Monitoring specific columns

detector = DistributionDriftDetector(
    columns=["heart_rate", "spo2", "glucose"],
)
detector.fit(train_df)

Tuning thresholds

# Tighter thresholds for a high-stakes mortality model
detector = DistributionDriftDetector(
    psi_threshold_medium=0.05,
    psi_threshold_high=0.1,
)

DataQualityChecker

Checks null rates, schema drift (added/removed/retyped columns), and row count anomalies.
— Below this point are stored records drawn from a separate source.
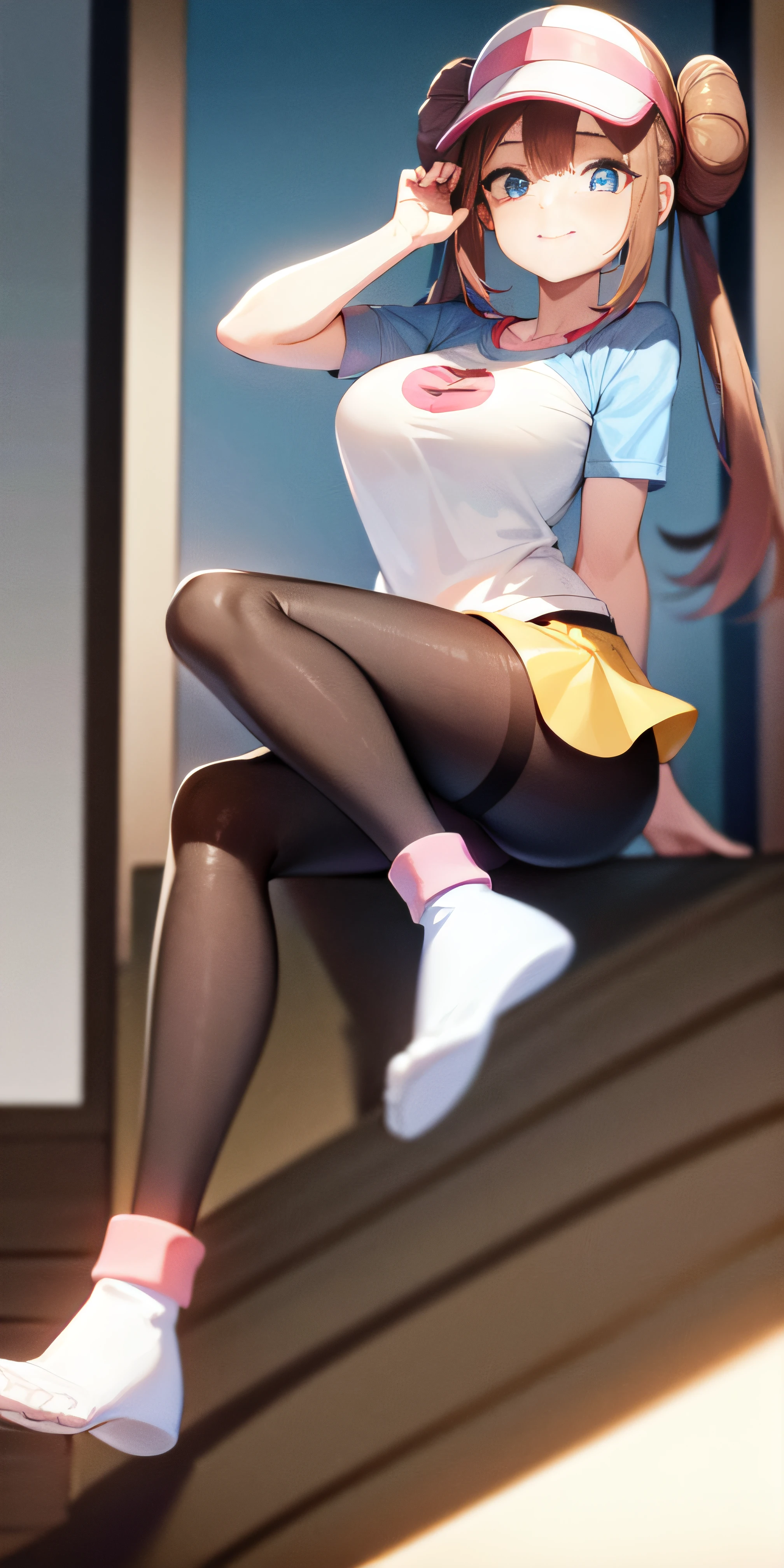 ro1, hair bun, blue eyes, twintails, visor cap, pantyhose, raglan sleeves, yellow shorts, shirt, pink bow, wristwatch, (foot focus), full body view, (masterpiece, best quality, 8k,4k, high res:1.4), sexy, no shoes, seductive smile, pantyhose covers feet, 1girl, busty, huge breasts, sock fetish,vivid colors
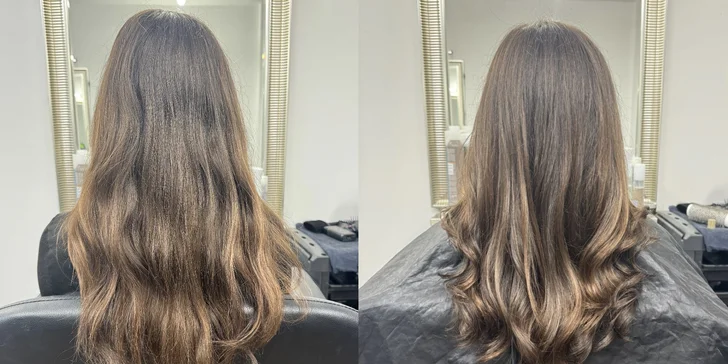  Ve studiu K Hair Studio vás čeká důkladné mytí, precizní střih a foukání od profi kadeřnic. (foto po stříhání) 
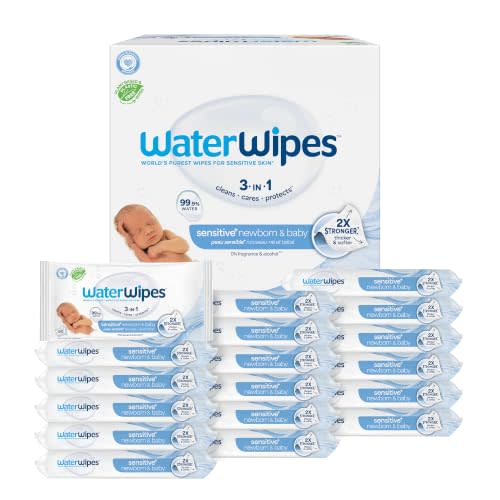 WaterWipes Sensitive+ Newborn & Baby Wipes, 3-In-1 Cleans, Cares, Protects, 99.9% Water, Unscented & Hypoallergenic, 1080 Count (18 Packs)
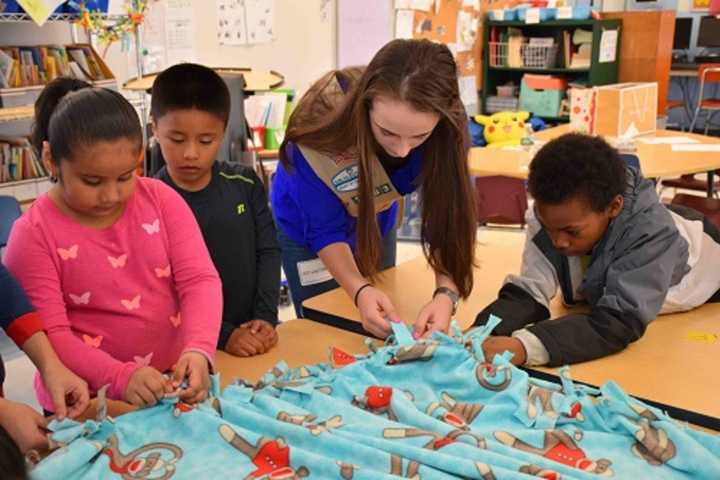 Croton-Harmon Students Help Girl Scout Make Blankets For Charity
Can be used standalone or fitted on a reference DataFrame to detect schema changes between pipeline runs.

from clinops.monitor import DataQualityChecker

checker = DataQualityChecker(
    required_columns=["subject_id", "charttime", "heart_rate"],
    max_null_rate=0.3,
    min_rows=100,
)
checker.fit(train_df)   # learn reference schema and row count

report = checker.check(incoming_df)
print(report.summary())

if not report.passed:
    raise RuntimeError(f"Data quality check failed:\n{report.summary()}")

Issue types

Issue type Severity Trigger
high_null_rate warning Column null rate > max_null_rate
all_null error Required column is entirely null
column_removed error/warning Column present in reference but missing from current
column_added warning Column not present in reference
dtype_changed warning Column dtype differs from reference or expected_dtypes
row_count_anomaly error/warning Rows below min_rows, above max_rows, or < 50% of reference

Standalone use (no reference schema)

report = DataQualityChecker(
    required_columns=["subject_id"],
    max_null_rate=0.5,
).check(df)

Typical pipeline integration

from clinops.monitor import DistributionDriftDetector, DataQualityChecker

# Fit once on training data
quality_checker = DataQualityChecker(required_columns=["subject_id", "charttime"])
quality_checker.fit(train_df)

drift_detector = DistributionDriftDetector()
drift_detector.fit(train_df)

# Run on each new batch
def validate_batch(batch_df):
    quality_report = quality_checker.check(batch_df)
    if not quality_report.passed:
        raise RuntimeError(quality_report.summary())

    drift_report = drift_detector.detect(batch_df)
    high_drift = drift_report.drifted_columns(DriftSeverity.HIGH)
    if high_drift:
        # alert, log, or block depending on your policy
        logger.warning(f"HIGH drift detected: {high_drift}")